Depending upon the data you pointed us to and the inputs/outputs specification you provided, a classification or a regression model is trained under Predictive Modeling use case. Let's walk through the evaluation process for both types of models:
As the name suggests, the classification model takes the input and classifies it as a class label. For example, a binary classifier trained on a set of dog images would classify an image as dog or not dog. With that, let me introduce a quick evaluation recipe for those who might have a company to run and who just want to get a high-level idea of the quality of the model in a few seconds:
Compare metric scores with the baseline scores to see if there's an improvement or not
Start with AUC, make sure it's between 0.6 and 0.95 (higher the AUC the better)
Check accuracy, anything above 60% means something useful is being learned
Check precision and recall, one of them should be more than 0.5 for useful results
Finally, go to the prediction dashboard and see if the results generated by the model matched with actual class labels for different classes
If all of the above things look good then the model is good to go and you have trained a world-class deep learning model in just a few minutes with only a few clicks.

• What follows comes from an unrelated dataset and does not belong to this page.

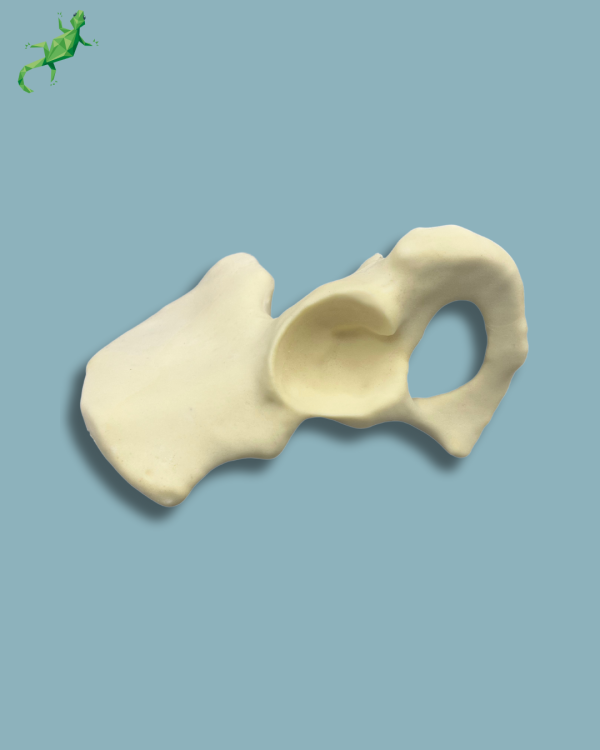 Hemi Pelvis / Left / Addi-CAN - Ref 07-01-02 - Image 6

In classification we were popping out a class label as the result, now in regression we will predict a continuous outcome variable using a set of input features (columns in your dataset). For example, instead of classifying someone as young or old you might be interested in predicting their age, this is where you would be interested in framing the problem as regression and getting an age value as output. Now that this problem type is clear, let's move to a quick evaluation recipe for those who might have their businesses to run or people who just want to get a high-level idea of the quality of the model in a few seconds:
Compare metric scores with the baseline scores to see if there's an improvement or not
Check if WAPE lies between 0 and 2. Lower is better
Check R2, any value between 0.6 to 0.9 is considered good. The higher the value the better
Finally, go to the prediction dashboard and see if the results generated by the model comes close to the actual values. Check about 20-30 data points
If all of the above things look good then the model is good to go and you have trained a world-class deep learning-based regression model in just a few minutes with only a few clicks.